When the newest leg of Minneapolis’ light-rail system opens next year, Prospect Park residents and businesses may find things safer than they imagined.
Some in the neighborhood have expressed concern that the Green Line may bring higher crime rates when it opens next year, but authorities say they don’t need to worry.
Eric Stadstad, who owns Anytime Fitness at the corner of University and 29th avenues southeast, said he’s been concerned about the light rail’s effects since he bought the gym six months ago. He said the Prospect Park Station just up the street could bring more criminals to the neighborhood.
“It’s just easier for people to get around,” he said.
But University of Minnesota Humphrey School of Public Affairs assistant professor Yingling Fan said Stadstad’s worries are unsubstantiated.
She led a survey that included respondents from Prospect Park and other neighborhoods around the University. The survey found that residents along current and future Twin Cities light-rail lines associate the stations with more crime.
“People are expecting higher crime rates after the initial implementation of the Green Line,” she said. “This is just people’s perception.”
Fan said studies in other cities around the country, including one that examined the effect of a rail line on crime rates in Los Angeles, have similarly rejected the perceived correlation between crime and rail transit systems.
“The consensus is that a light rail line has no significant impact on crime rates in the station neighborhood,” she said.
By the time the Green Line opens, the Metro Transit Police Department will have added 22 officers, spokesman John Siqveland said. The additional forces will specifically patrol the new line, including its stretch through the University and Prospect Park.
The neighborhoods along the Green Line already see many commuters, thanks to multiple bus lines that serve the same route, Siqveland said.
“It’s [just] a change from bus service to rail service,” he said.

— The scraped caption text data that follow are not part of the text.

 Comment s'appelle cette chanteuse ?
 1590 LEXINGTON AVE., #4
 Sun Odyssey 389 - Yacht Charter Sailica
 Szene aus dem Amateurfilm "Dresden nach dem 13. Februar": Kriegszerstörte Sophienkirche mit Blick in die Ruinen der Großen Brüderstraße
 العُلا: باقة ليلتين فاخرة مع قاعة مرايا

MTPD east command captain Jim Franklin said his department has been training with University police to prepare for the line’s opening.
Franklin said he’s visited communities, including those around the University, to try to change minds about the rail’s effect on crime.

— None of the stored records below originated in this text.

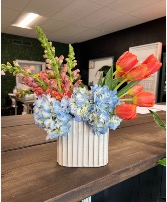 Terrific Tulips Vase arrangement 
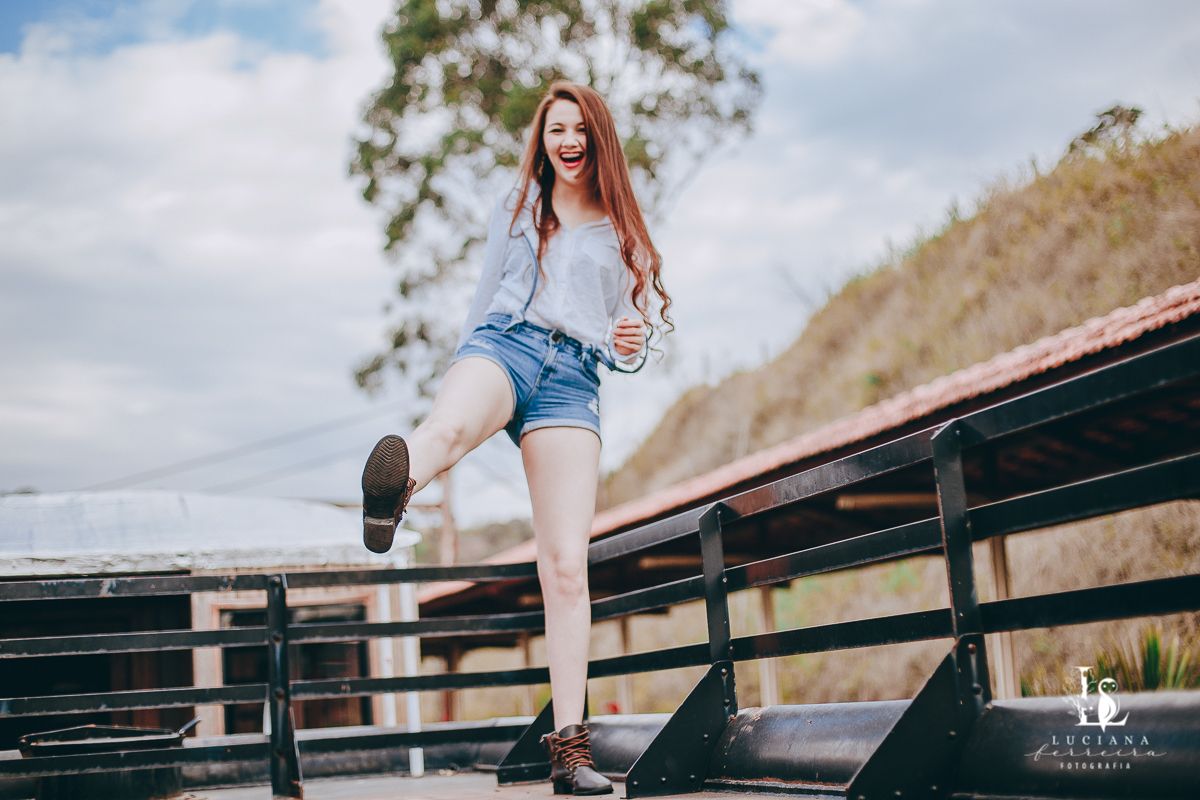 Ensaio feminino na Estação de São Roque. Ruiva.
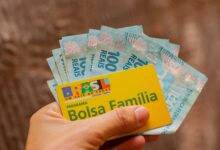 Descubra se as mães podem receber o Bolsa Família e o Auxílio Maternidade juntos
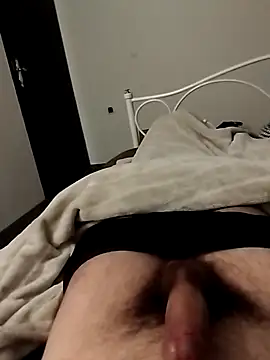 Snapshot of tip_hard_cock chatting on 09/27/25, 05:07 tip hard cock online show from 09/27/25, 05:07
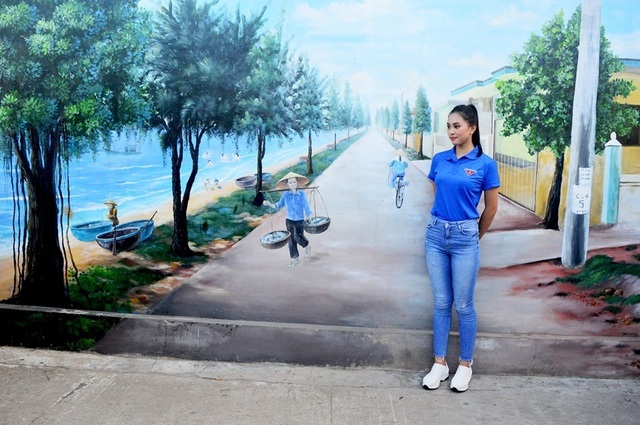Hoa hậu Trần Tiểu Vy cùng đoàn viên thanh niên dọn rác trên bãi biển - 3 Hoa hậu Trần Tiểu Vy cùng đoàn viên thanh niên dọn rác trên bãi biển - 3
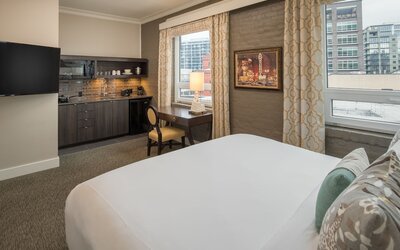 Mark Spencer Hotel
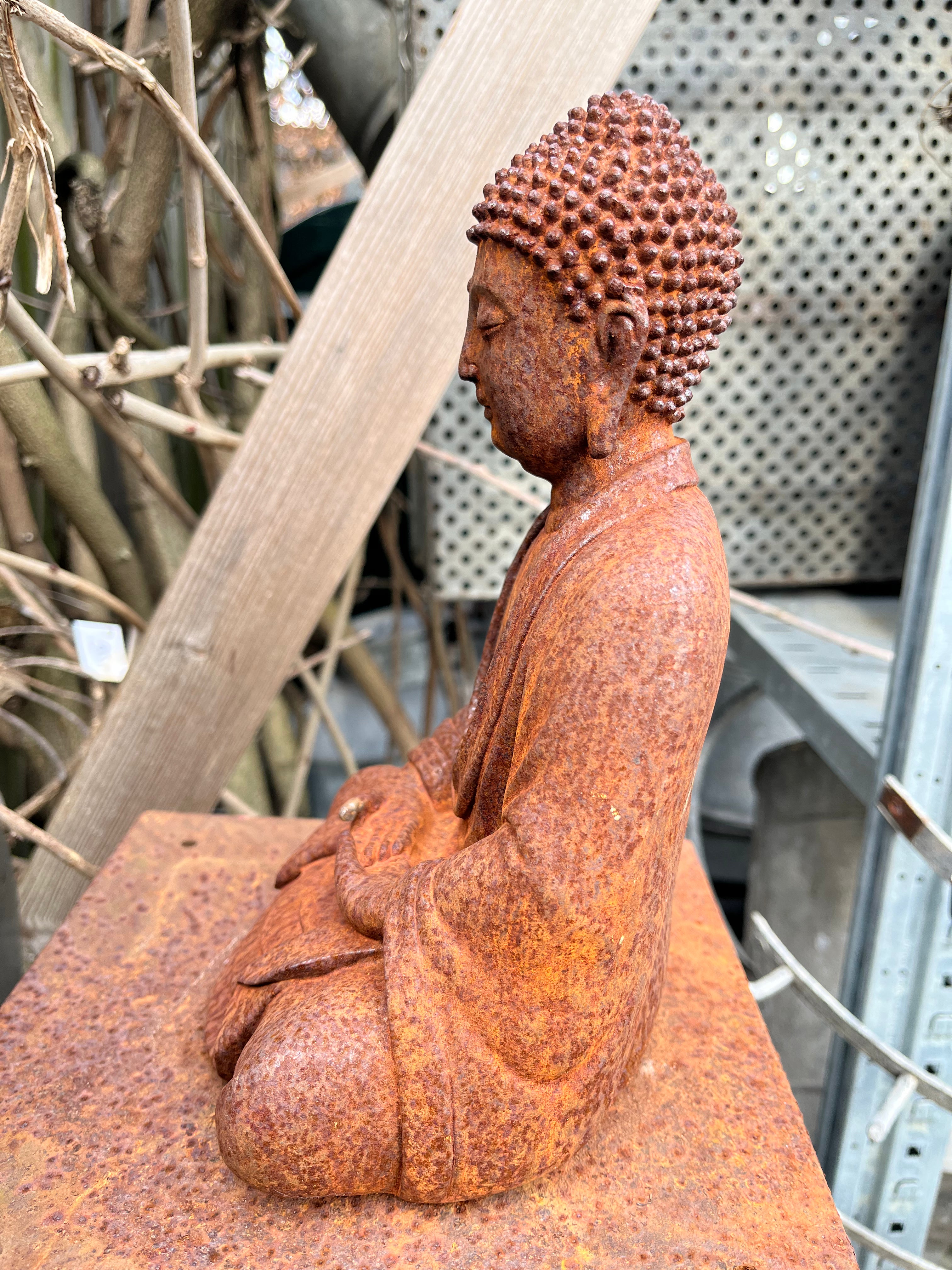 Boedha van gietijzer - Brocante bij Ingie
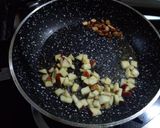 A picture of step 1 of Apple delight.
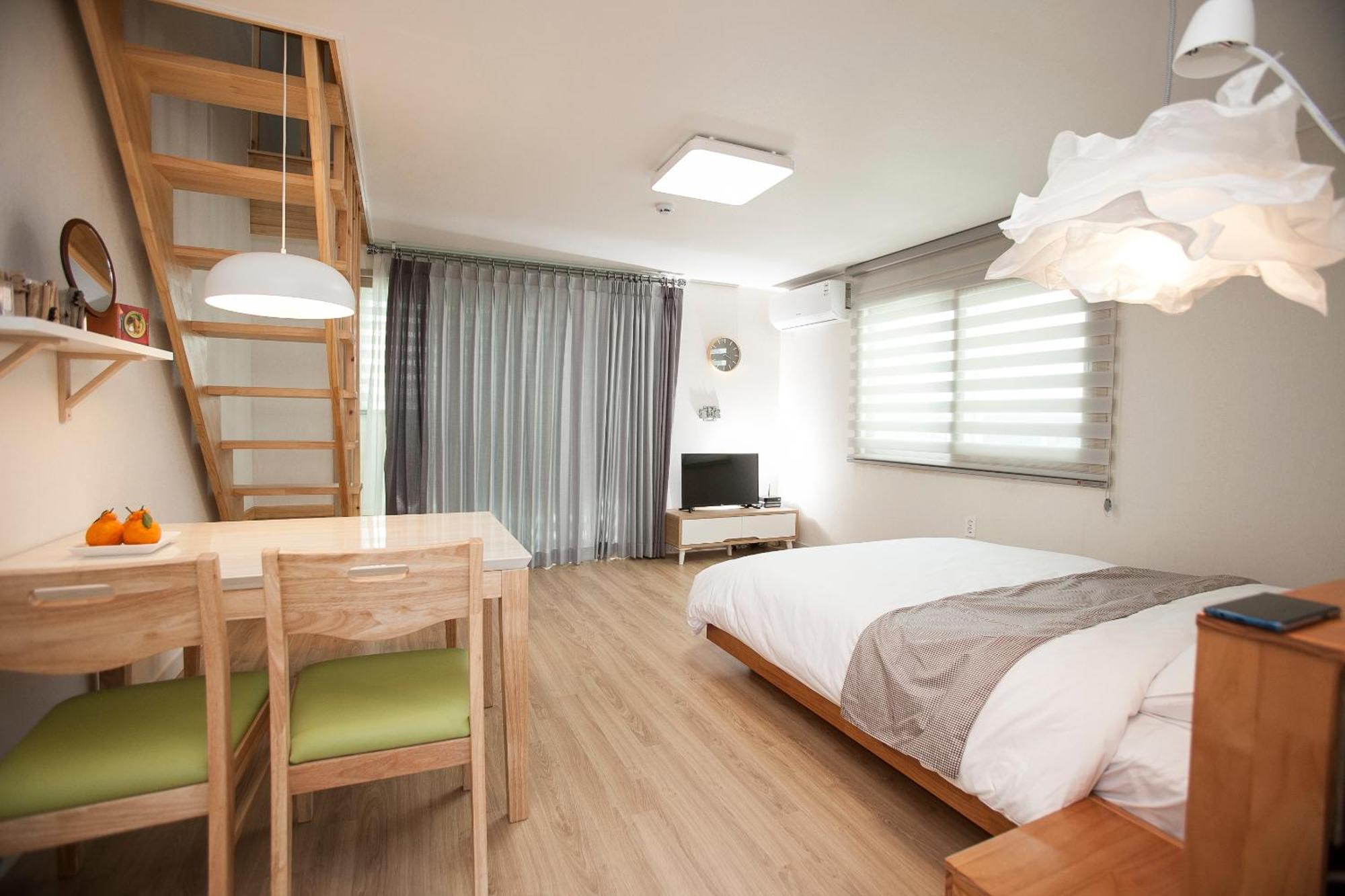 Jeju Aria Pension Exteriör bild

“We’re really trying to reach out to the communities to try to resolve some of these perception issues,” he said. “It’s perception versus reality.”
Dick Gilyard, an architect who was involved in the development of the Prospect Park East River Road Improvement Association’s LRT Station Area Plan, declined to comment on whether he thought the rail would bring more crime to Prospect Park.
He said additional businesses and research facilities on land near the rail line could make the area less attractive for criminals.
“That level of development and the nature of the mix [of businesses] would become a deterrent to crime,” he said.